Spatial and other neighborhood conditions and obesity
Image from "Obesogenic Environments in Youth: Concepts and Methods from a Longitudinal National Sample." Janne Boone-Heinonen, PhD, MPH, Penny Gordon-Larsen, PhD. American Journal of Preventive Medicine, May 2012. 42:5
The May issue of the American Journal of Preventive Medicine focuses on the use of geographic information systems (GIS) data analysis to study neighborhood characteristics and the impact of these characteristics on health, as laid out in the lead article, "Thinking About Place, Spatial Behavior, and Spatial Processes in Childhood Obesity" and "Obesogenic Environments in Youth: Concepts and Methods from a Longitudinal National Sample."
All of the articles are available "for free" online.
ABC News also did a story, "Obesity Linked to Neighborhood Features: Do You Live in a Fat Neighborhood?," on the issue, summarizing findings from some of the articles. From the article:
In one study [Objective Assessment of Obesogenic Environments in Youth: Geographic Information System Methods and Spatial Findings from the Neighborhood Impact on Kids Study], researchers used geographic information to determine which neighborhoods in King County, Wash. and San Diego County, Calif. rated highest in terms of physical activity and nutrition for children ages 6 through 11. A neighborhood received a high rating if there were ample opportunities to walk to places, such as stores and libraries as well as highly-rated parks.
These neighborhoods also had numerous grocery stores or supermarkets where produce and healthy foods were available.
Neighborhoods that rated poorly had few markets available or had a large number of fast food restaurants and also did not offer many chances to walk or play in high-quality parks. There were also neighborhoods rated in between good and poor.

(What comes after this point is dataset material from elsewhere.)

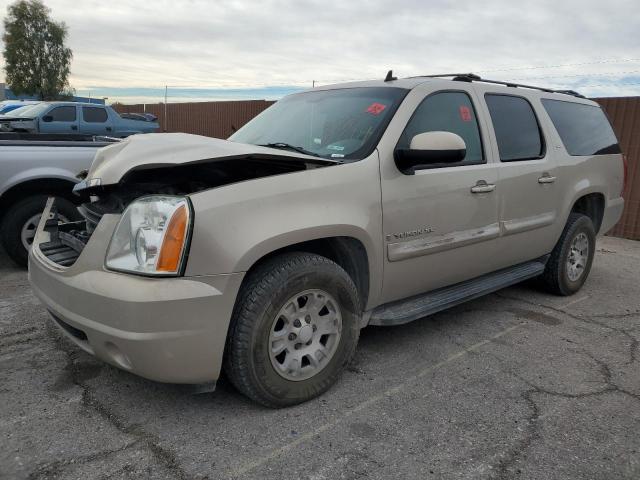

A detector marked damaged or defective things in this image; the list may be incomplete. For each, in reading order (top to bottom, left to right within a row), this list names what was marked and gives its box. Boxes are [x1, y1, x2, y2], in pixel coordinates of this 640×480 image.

cracked bumper [27, 202, 244, 382]
broken headlight assembly [106, 197, 191, 276]
crumpled front hood [84, 133, 336, 189]
damaged gmc yukon xl [27, 73, 624, 406]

"The biggest difference we found in rates of obesity were in the places where the environment was good for both nutrition and physical activity, the rates were less than 8 percent, but if the nutrition and physical activity were not good, the rates went up to 16 percent," said Brian Saelens, a co-author and professor of pediatrics at Seattle Children's Research Institute.
Saelens added that researchers controlled for other variables that could contribute to obesity, such as income, family status and parental body mass index (BMI).

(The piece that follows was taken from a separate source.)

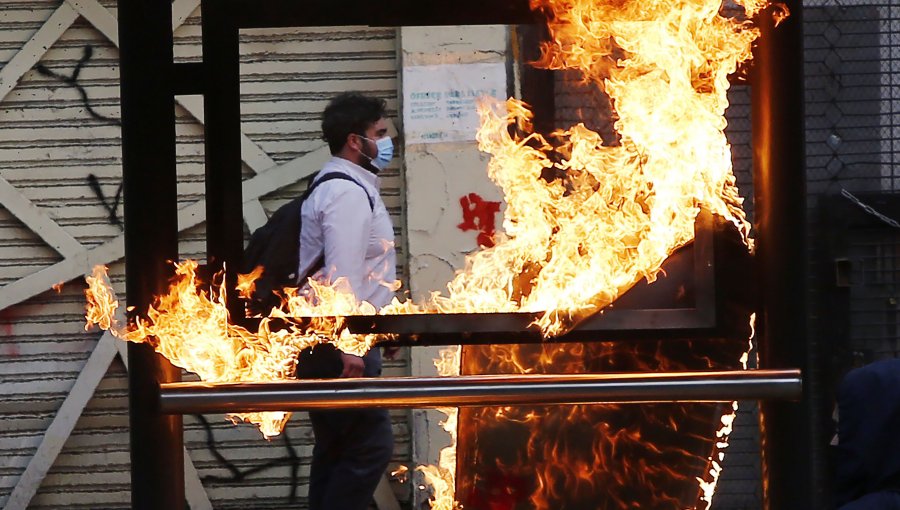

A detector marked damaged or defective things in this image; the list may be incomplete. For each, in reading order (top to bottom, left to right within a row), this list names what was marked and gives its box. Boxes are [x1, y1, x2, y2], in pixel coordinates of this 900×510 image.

In an accompanying paper, Saelens and his colleagues used GIS data to define "obesogenic" environments as those that offer little in the way of physical activity and good nutrition. The authors say GIS measures should be used to assess the relationship between physical activity, nutrition and obesity.

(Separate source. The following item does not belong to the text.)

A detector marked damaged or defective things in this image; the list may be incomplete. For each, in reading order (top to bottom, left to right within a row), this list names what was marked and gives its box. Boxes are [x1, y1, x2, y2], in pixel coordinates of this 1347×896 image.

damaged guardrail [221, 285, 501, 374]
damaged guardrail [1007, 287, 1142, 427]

So, this sets up a framework to consider a more expansive view of how to do land use, transportation, parks, and public health planning and what to do when you're doing it.
In the field of bike and pedestrian planning, I argue that the next logical direction for improvement in is the tighter integration of infrastructure recommendations with the development and delivery of programming, as well as integrating multiple spatial scales in plans, taking them down from an entire city or county to the sector/community/neighborhood.